Obviously, you think you have a monopoly on "facts" and "certainty"; so much
so that no need for proof ever arises. Are you a born-again IEist?

***

> Should I slink into a corner and hide myself until I can get
> my own gang together? Whether you approve or not, there are
> many Nostraticists in this world who would have no problem
> with the sequence I have outlined.

No, you should just stop asserting as fact what are
no more than your own unproven and unconvincing
theories.

***
Patrick:

I have attempted to prove my theories in mega-bytes on my website.
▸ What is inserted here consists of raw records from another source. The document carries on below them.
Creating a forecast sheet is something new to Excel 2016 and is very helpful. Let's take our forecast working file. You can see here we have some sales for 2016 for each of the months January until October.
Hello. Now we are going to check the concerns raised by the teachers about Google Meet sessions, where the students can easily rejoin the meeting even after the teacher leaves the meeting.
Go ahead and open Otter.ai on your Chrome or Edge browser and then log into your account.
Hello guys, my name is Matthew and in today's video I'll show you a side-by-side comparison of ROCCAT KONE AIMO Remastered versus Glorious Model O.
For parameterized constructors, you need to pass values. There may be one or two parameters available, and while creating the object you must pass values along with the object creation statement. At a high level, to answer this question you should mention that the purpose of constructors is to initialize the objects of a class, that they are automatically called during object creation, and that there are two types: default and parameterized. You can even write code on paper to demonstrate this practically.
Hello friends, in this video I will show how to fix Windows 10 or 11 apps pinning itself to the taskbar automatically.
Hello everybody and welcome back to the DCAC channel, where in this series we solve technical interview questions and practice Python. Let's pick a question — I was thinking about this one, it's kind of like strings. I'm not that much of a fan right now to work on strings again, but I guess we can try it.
Where and when have you attempted to prove yours?

***

> If you want to discuss this, then stop being so patronizing.
> If you cannot stop, I will go back to working on something
> else of greater benefit.

I've never seen a more patronizing individual on this
list than yourself.

***
Patrick:

Well, then let us both stop it!

***

> First, what did this famous second palatalization do -
> specifically - that the first palatalization did _not_ do?

In the first palatalization it was the PALATO-VELARS
of P.I.E. that were fronted and affricatized, while
in the second palatalization it was the reflexes in
Proto-Satem of the PLAIN VELARS and LABIO-VELARS of
P.I.E. that were fronted and affricatized, although
only those immediately preceding a front vowel or *y.


***
Patrick:

Prove it! with concrete examples.

"Palatalization" of "PALATO-VELARS"??????? What in Heaven's name is that
supposed to mean?????

Dorsals are commonly EITHER palatal OR velar; they cannot be simultaneously
both.

No plain dorsal became an affricate; *k > <k>; *k^ > <S>; no affricate to be
seen.

True, *kw > <c>, presumably /tS/ is an affricate but that is not what you
wrote, is it?

And why would a "Palato"-anything be fronted: to be alveolar contact point?
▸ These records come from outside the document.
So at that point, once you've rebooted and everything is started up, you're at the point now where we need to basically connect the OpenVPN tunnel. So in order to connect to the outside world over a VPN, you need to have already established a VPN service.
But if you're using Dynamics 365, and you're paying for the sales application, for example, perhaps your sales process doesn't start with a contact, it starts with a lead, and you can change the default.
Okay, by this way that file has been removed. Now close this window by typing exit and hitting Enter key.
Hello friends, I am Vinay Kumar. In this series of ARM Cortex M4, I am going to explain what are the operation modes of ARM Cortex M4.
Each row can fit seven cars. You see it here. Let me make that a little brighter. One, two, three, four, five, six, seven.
You write: "PLAIN VELARS and LABIO-VELARS of P.I.E. that were fronted and
affricatized, although only those immediately preceding a front vowel or
*y".

This is untrue; while labio-velars were affricated (*kW > <c>), plain
dorsals remained plain dorsals (*k > *k) unless followed by *y; and then,
*ky > <S> not *<c> as you state; do you have a citable example of *ky > <c>
or is that also so much empty rote?

***


By the time of the second palatalization the affricate
series from the first had further fronted and so the
two series didn't overlap.

***
Patrick:

What affricate??? and what was it before and after fronting???

Do you ever give examples?

***


I've uploaded a chart to the files section entitled
"The First and Second Palatalizations" demonstrating
the series of changes. At the top of the chart is an
explanation of the notation that I use.

> As far as I am concerned, your data is seriously skewed.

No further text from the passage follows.